_What is expected_
Set down exact lines only, from the line with "Hello and welcome." through the last line of the material below, with every picture left out.

═══ Data

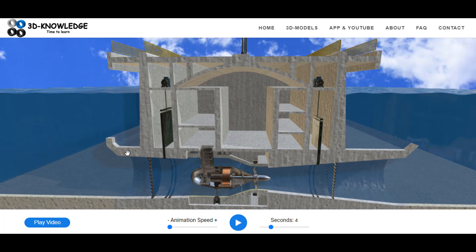Once the tide begins to recede on this side, we can leave the wicket gate closed until there's at least two meters difference in height, or head of pressure, between the sea and the bay area. Once we have that two meters, there is sufficient flow in order to drive the turbine — it will impart thrust upon the blades, drive the turbine, and generate electricity.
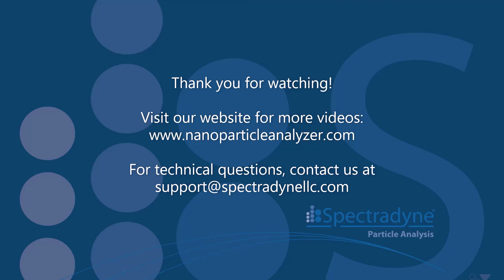Further details are available in the instrument operation manual. And if you have any questions, contact us at support@spectradynellc.com. More training videos are also available on our website. Thank you for your attention.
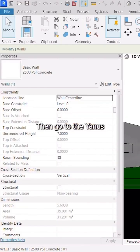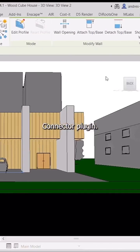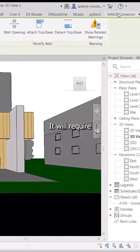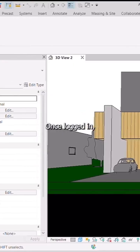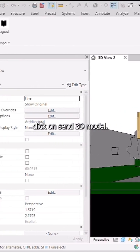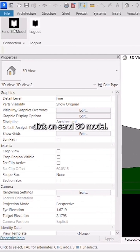Then go to the Janus Connector plugin. It will require some login info. Once logged in, click on Send 3D model.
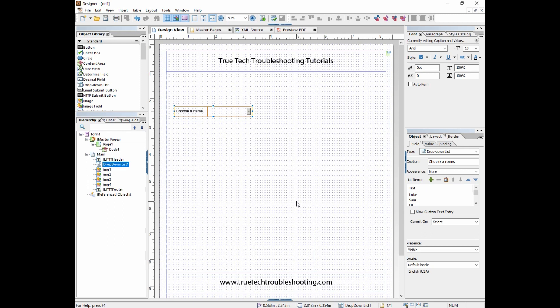So please subscribe. Please go to the blog trutechtroubleshooting.com to ask questions or to get specific help for your forms. And remember that IT problems are usually simple but they're never easy. We'll see you next time.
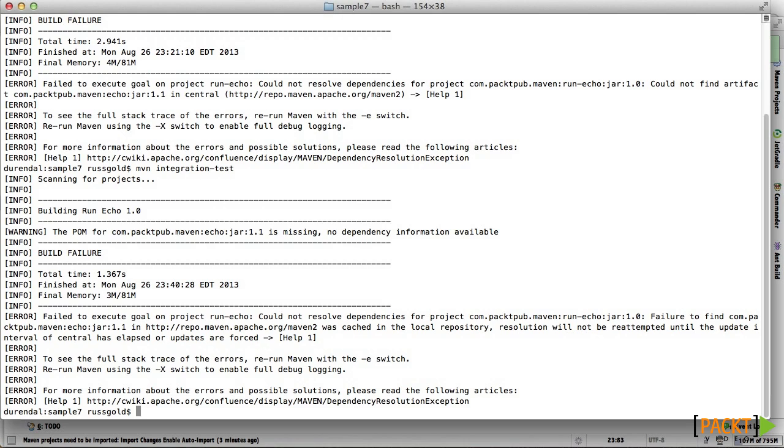And that still doesn't work, because the profile isn't active. We can activate profiles in settings.xml in almost exactly the same way we would in a POM.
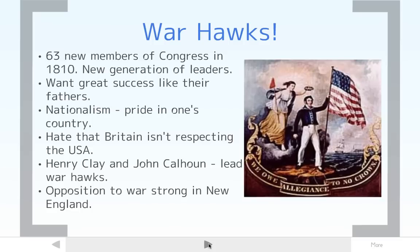These people start calling for war with England — that's why they're called the Warhawks. Two of the famous Warhawks were Henry Clay and John Calhoun. The Warhawks get most of the country on board that war with England is a good idea, except in New England in the North, where opposition to the war is strong. But in the rest of the country, the Warhawks push the idea of war, and the United States declares war on England in 1812.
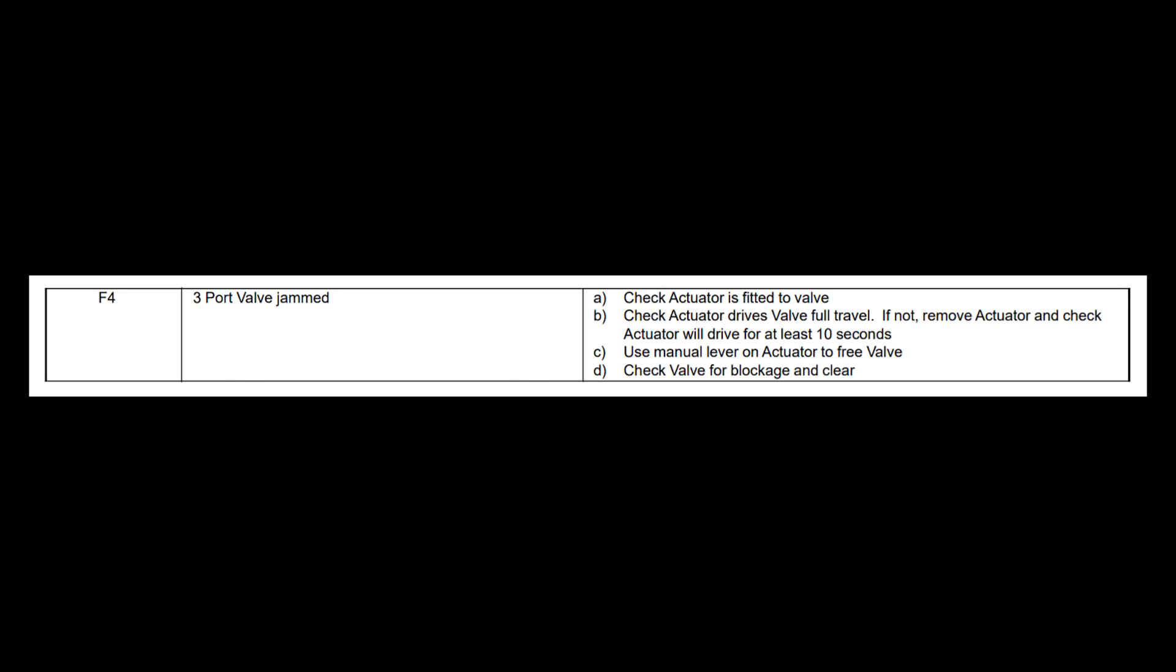In the fault finding documentation for the Honeywell Smart Fit, the F4 fault code means that the three-port valve is jammed.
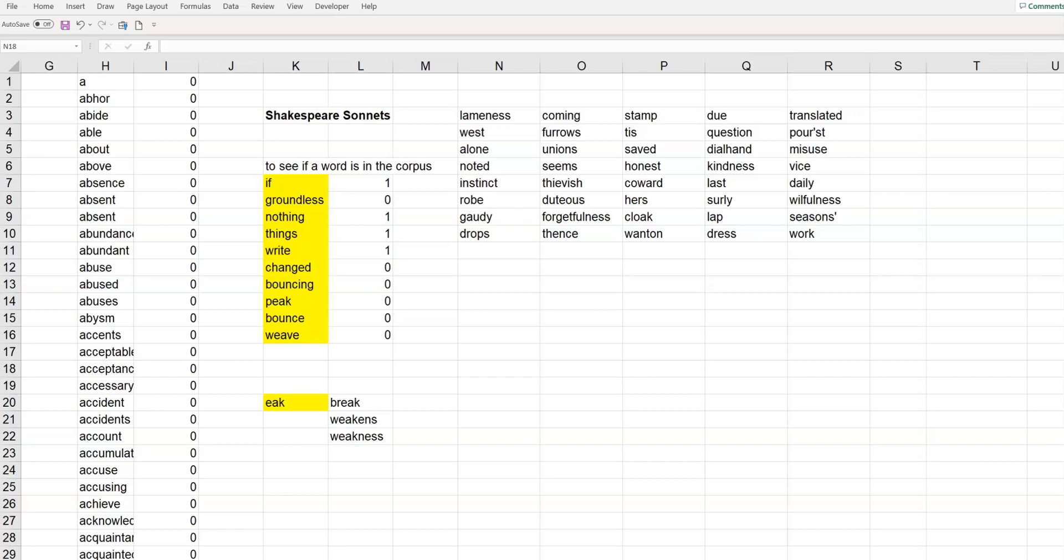Hey everybody, Justin here. I appreciate you checking out this video. In this video, I wanted to go through a spreadsheet, or rather a methodology that I used to create found poetry.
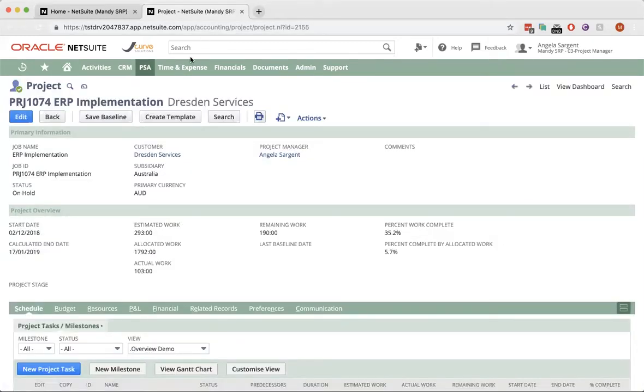So, for this particular project, at a glance, I can see my estimated, allocated and actual work, which leaves me with the remaining.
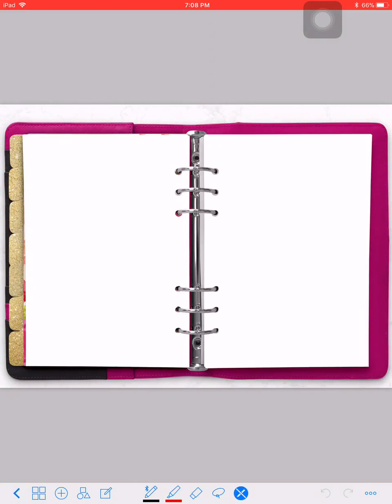Hey everyone, today I want to do a quick video showing you guys how I added some stickers — or emojis that I want to use as stickers — into my planner.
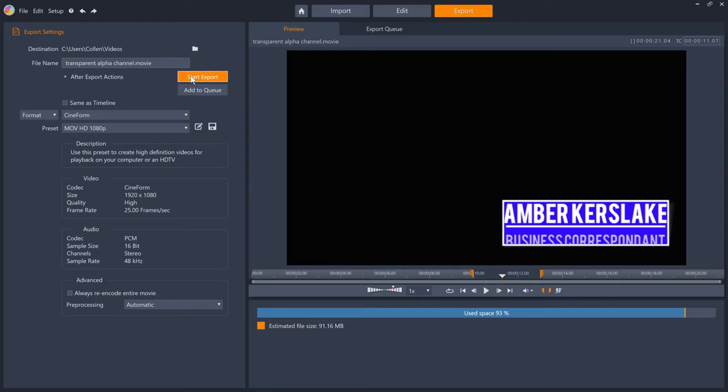Hopefully, this gives you some ideas of how you can use masks, as well as the properties and effects tabs, to create some dynamic and bespoke animations for your next video project. Happy editing!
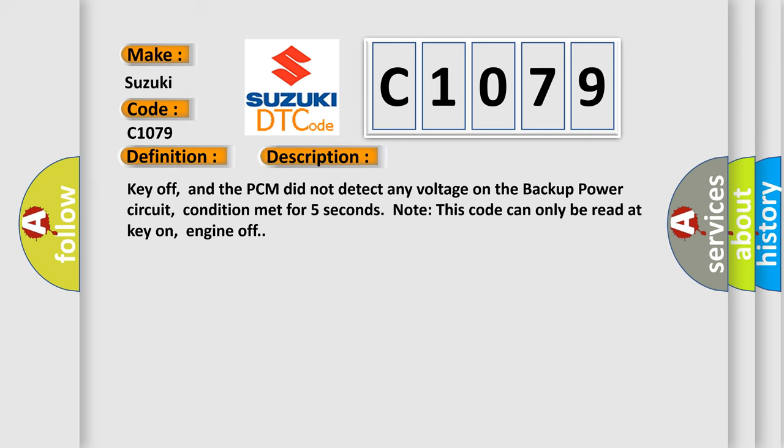Key off, and the PCM did not detect any voltage on the backup power circuit. Condition met for five seconds. Note this code can only be read at key on, engine off.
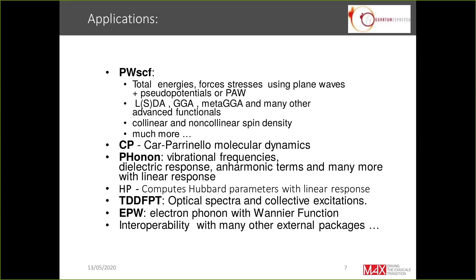Another application is the Car-Parrinello code for ab initio molecular dynamics. There is also the Phonon code, which computes lattice dynamical properties and dynamic dielectric response using linear response. The HP code uses the same technique to compute Hubbard U parameters. There are also applications based on time-dependent density functional perturbation theory, mainly used to compute optical spectra and collective excitations. The EPW package, promoted by the group of Feliciano Giustino, computes electron-phonon coupling with Wannier functions.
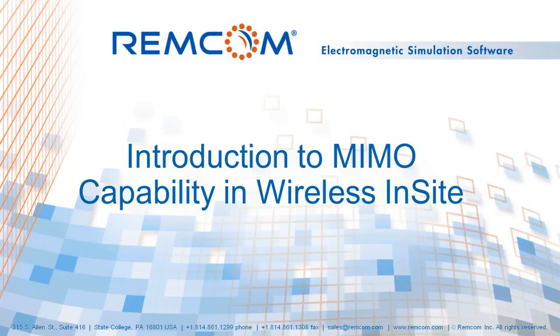Hello and welcome. This webinar is an introduction to the MIMO capability within Wireless Insight. My name is Turan Chawla and I'm the technical manager here at RemCom.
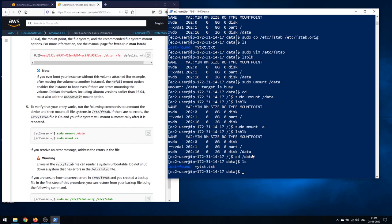This is how you make use of EBS volumes, and it's really important from an exam perspective. I'll put the documentation link in the description below so you can try it yourself. One thing to remember: for EC2 instances, the free tier provides 30 GB of EBS volume space, so you can go ahead and create your own volumes and try this out.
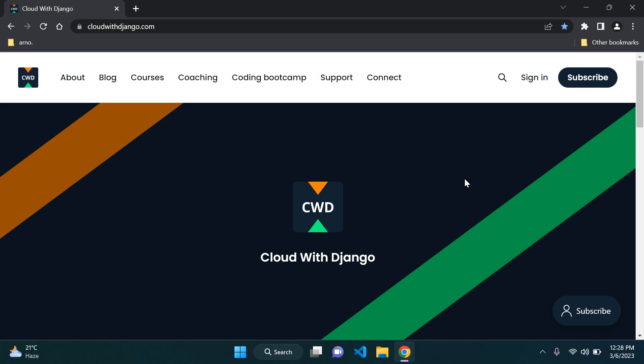I wanted to mention that I've just recently released my newest course, which is Python Django for AWS Development Mastery Course Part 1.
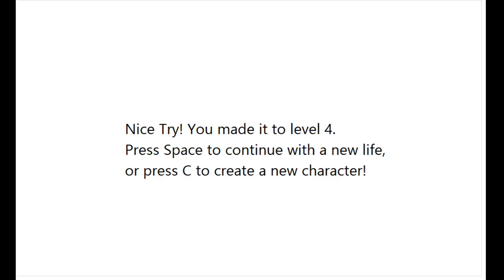When we die, we can either continue with the same character and our stats will be kept from the point where we died, or we can start over with a new character.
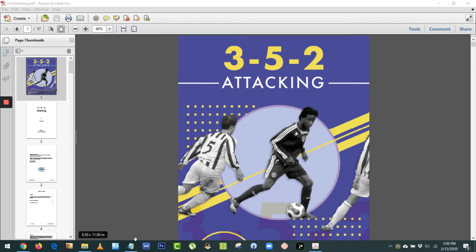Hi, Mike Saif here, and in this short video we're going to take a look at our book, 3-5-2 Attacking by Luca Bertolini. And as the title suggests, it takes an in-depth look at the different attacking options you have if you play with the 3-5-2.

══════

_Written solution_
Hello and welcome. This webinar is an introduction to the MIMO capability within Wireless Insight. My name is Turan Chawla and I'm the technical manager here at RemCom.
This is how you make use of EBS volumes, and it's really important from an exam perspective. I'll put the documentation link in the description below so you can try it yourself. One thing to remember: for EC2 instances, the free tier provides 30 GB of EBS volume space, so you can go ahead and create your own volumes and try this out.
I wanted to mention that I've just recently released my newest course, which is Python Django for AWS Development Mastery Course Part 1.
When we die, we can either continue with the same character and our stats will be kept from the point where we died, or we can start over with a new character.
Hi, Mike Saif here, and in this short video we're going to take a look at our book, 3-5-2 Attacking by Luca Bertolini. And as the title suggests, it takes an in-depth look at the different attacking options you have if you play with the 3-5-2.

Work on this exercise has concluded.